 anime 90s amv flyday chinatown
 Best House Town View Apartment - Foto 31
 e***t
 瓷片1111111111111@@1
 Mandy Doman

|---|

*THE TASK:* Copy exactly. Include the line containing "Best House Town View Apartment - Foto 31" and every later line through the end of the listing, and nothing else.

*ANSWER AREA:*
 Best House Town View Apartment - Foto 31
 e***t
 瓷片1111111111111@@1
 Mandy Doman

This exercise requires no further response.